### Exercise directions
Exact reproduction of every record is required, and pictures are to be excluded.

### Data supplied
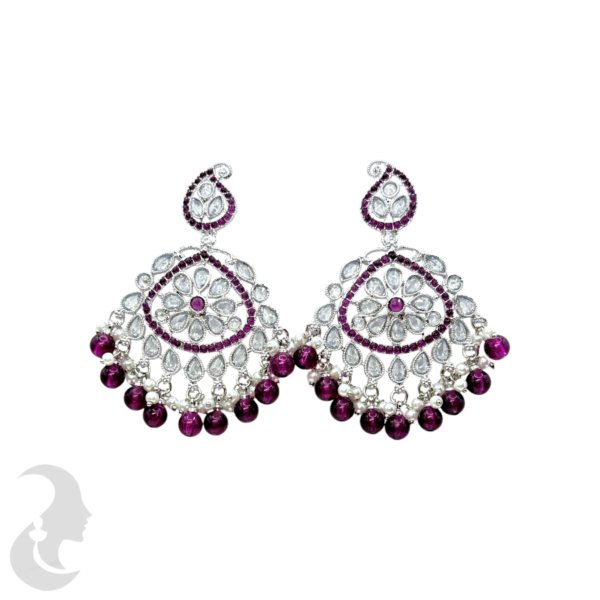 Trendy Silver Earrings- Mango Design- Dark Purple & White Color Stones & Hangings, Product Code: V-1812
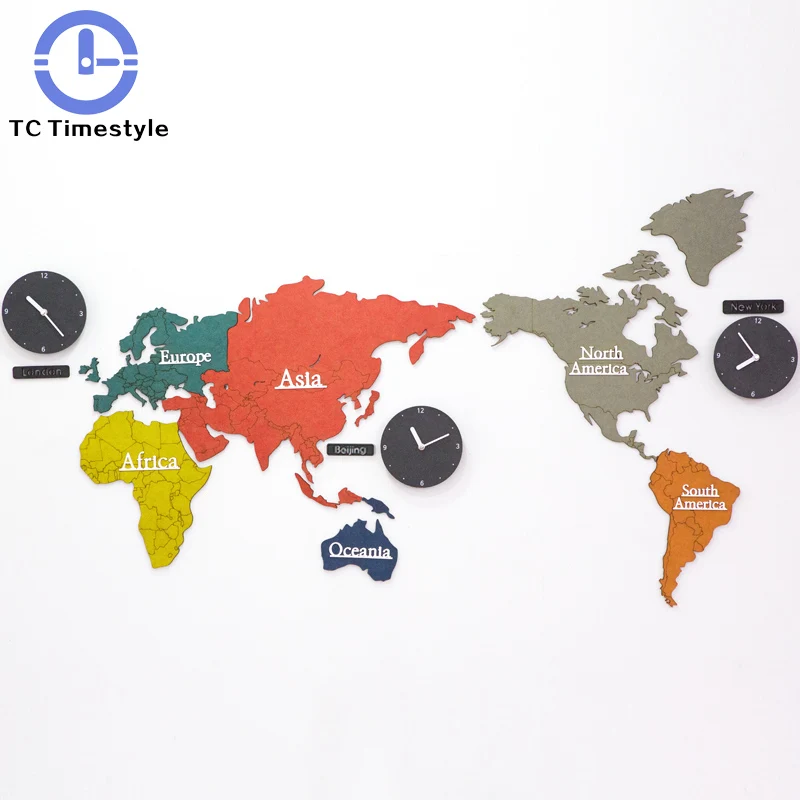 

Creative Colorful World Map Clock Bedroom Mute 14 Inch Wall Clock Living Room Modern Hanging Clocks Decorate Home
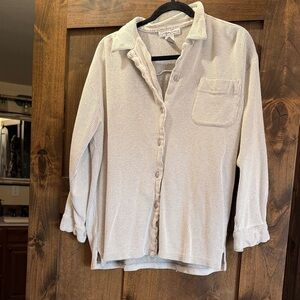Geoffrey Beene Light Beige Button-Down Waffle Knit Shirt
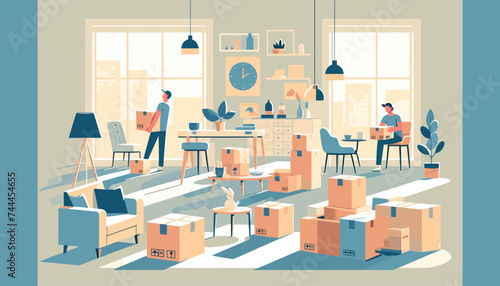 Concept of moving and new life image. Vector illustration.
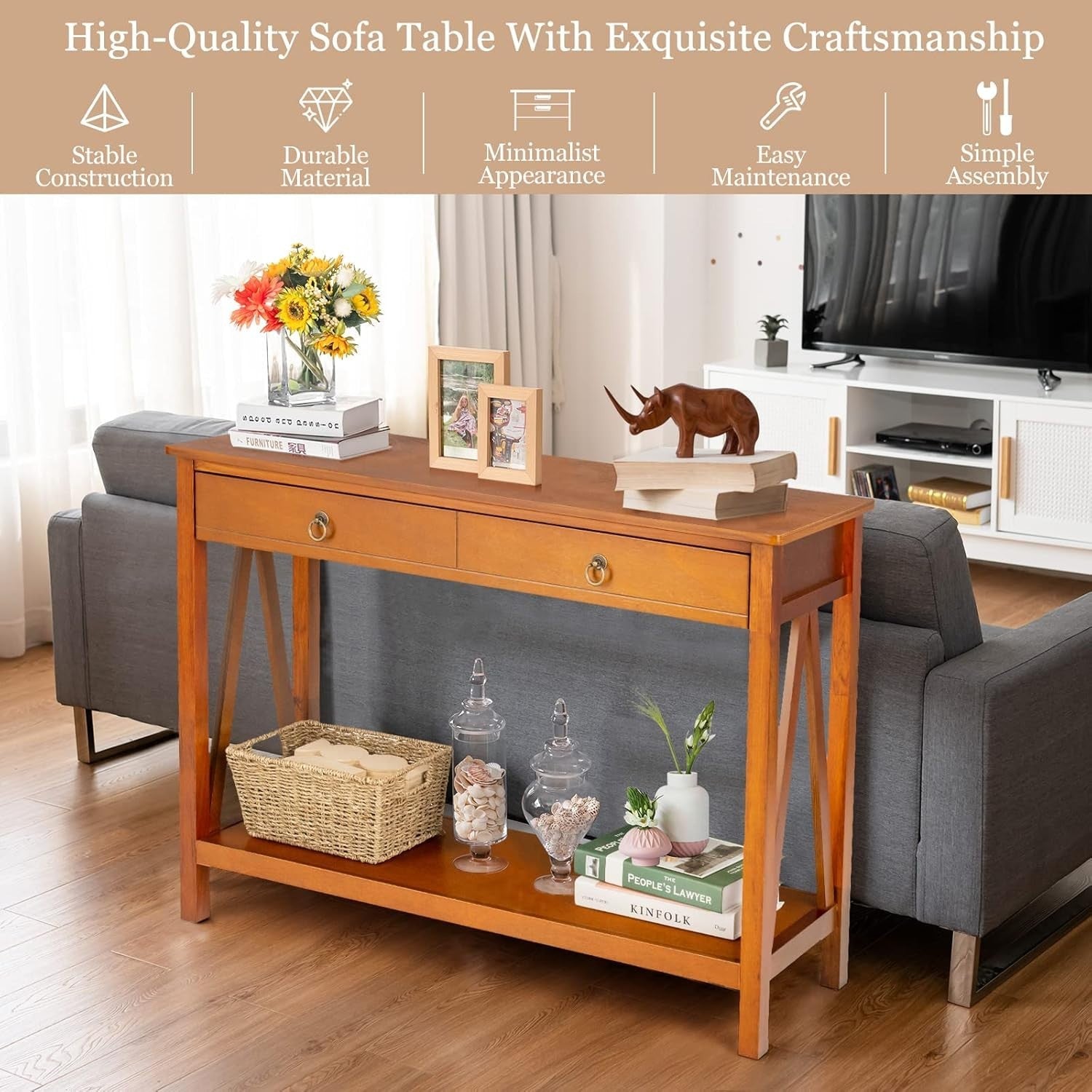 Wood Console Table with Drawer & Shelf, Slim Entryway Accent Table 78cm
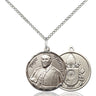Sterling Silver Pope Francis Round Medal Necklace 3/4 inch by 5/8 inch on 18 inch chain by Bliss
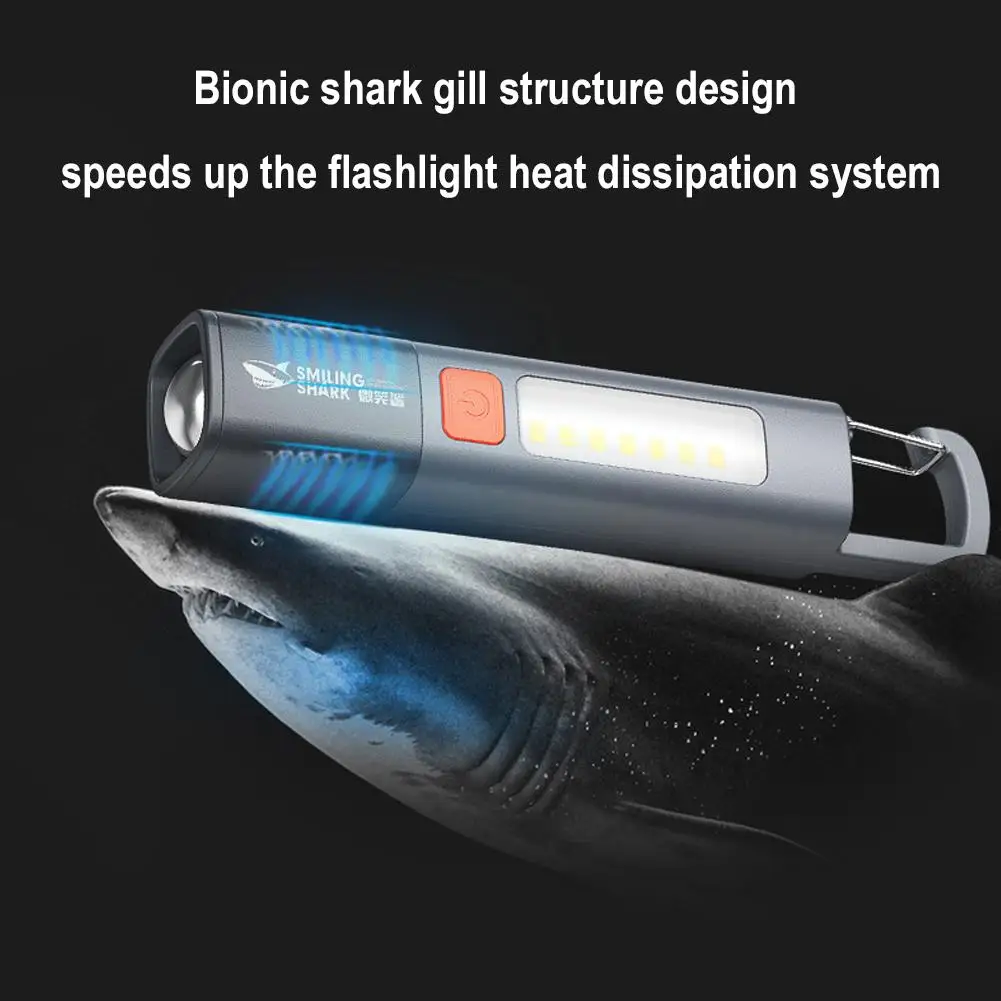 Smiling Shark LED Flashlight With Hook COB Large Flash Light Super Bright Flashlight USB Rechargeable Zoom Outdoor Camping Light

### Response area
 Trendy Silver Earrings- Mango Design- Dark Purple & White Color Stones & Hangings, Product Code: V-1812

Creative Colorful World Map Clock Bedroom Mute 14 Inch Wall Clock Living Room Modern Hanging Clocks Decorate Home
Geoffrey Beene Light Beige Button-Down Waffle Knit Shirt
 Concept of moving and new life image. Vector illustration.
 Wood Console Table with Drawer & Shelf, Slim Entryway Accent Table 78cm
Sterling Silver Pope Francis Round Medal Necklace 3/4 inch by 5/8 inch on 18 inch chain by Bliss
 Smiling Shark LED Flashlight With Hook COB Large Flash Light Super Bright Flashlight USB Rechargeable Zoom Outdoor Camping Light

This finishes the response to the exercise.